## Instructions for the task
Scan the data for "Grey" and copy the lines it appears in.

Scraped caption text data
Content starts
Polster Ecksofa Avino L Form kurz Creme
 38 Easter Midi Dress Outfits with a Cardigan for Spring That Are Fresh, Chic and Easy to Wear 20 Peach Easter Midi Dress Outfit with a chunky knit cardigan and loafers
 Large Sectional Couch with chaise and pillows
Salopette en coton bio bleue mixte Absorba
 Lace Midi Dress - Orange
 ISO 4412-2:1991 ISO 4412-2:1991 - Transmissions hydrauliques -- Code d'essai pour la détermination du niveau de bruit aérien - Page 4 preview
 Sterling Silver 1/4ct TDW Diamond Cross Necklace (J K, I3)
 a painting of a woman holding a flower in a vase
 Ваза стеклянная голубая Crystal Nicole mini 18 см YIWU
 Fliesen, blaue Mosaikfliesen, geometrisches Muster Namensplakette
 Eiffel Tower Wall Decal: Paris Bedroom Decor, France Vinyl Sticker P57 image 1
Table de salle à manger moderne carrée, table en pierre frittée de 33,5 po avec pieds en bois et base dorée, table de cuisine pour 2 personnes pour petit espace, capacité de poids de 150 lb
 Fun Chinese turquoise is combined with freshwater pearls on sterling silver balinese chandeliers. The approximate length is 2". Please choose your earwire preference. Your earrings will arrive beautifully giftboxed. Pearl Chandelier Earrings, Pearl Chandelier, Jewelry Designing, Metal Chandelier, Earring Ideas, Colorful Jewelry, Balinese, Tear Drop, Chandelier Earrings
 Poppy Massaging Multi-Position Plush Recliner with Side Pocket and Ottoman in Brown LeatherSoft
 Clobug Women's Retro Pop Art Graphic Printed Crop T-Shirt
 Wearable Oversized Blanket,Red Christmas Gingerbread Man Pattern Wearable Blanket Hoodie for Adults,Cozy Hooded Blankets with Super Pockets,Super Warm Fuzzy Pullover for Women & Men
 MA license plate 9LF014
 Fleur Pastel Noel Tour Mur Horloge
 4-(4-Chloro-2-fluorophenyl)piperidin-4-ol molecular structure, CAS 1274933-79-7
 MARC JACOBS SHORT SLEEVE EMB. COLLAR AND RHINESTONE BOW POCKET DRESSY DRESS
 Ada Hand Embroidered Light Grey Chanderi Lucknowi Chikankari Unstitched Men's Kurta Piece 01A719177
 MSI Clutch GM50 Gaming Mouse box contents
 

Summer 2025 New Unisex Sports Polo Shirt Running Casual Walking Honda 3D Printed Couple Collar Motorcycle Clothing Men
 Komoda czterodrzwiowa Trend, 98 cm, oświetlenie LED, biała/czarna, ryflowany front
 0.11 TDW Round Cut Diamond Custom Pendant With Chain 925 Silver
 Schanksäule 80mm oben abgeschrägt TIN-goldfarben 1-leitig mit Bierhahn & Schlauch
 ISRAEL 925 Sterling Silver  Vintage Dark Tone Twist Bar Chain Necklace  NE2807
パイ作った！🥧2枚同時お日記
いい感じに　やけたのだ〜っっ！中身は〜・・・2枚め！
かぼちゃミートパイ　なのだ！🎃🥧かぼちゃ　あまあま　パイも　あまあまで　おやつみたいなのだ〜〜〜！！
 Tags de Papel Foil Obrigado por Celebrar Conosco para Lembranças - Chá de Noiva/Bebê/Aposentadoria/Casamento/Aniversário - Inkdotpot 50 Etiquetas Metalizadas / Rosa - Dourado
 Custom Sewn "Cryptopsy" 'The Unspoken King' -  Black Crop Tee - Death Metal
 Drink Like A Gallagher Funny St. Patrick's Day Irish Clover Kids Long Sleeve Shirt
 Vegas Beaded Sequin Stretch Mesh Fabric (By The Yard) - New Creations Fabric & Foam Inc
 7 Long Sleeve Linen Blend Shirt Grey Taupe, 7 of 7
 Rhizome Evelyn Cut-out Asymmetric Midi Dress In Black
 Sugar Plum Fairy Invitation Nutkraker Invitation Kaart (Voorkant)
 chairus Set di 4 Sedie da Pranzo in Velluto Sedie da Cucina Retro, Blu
Content ends
## Solution for this problem
 Ada Hand Embroidered Light Grey Chanderi Lucknowi Chikankari Unstitched Men's Kurta Piece 01A719177
 7 Long Sleeve Linen Blend Shirt Grey Taupe, 7 of 7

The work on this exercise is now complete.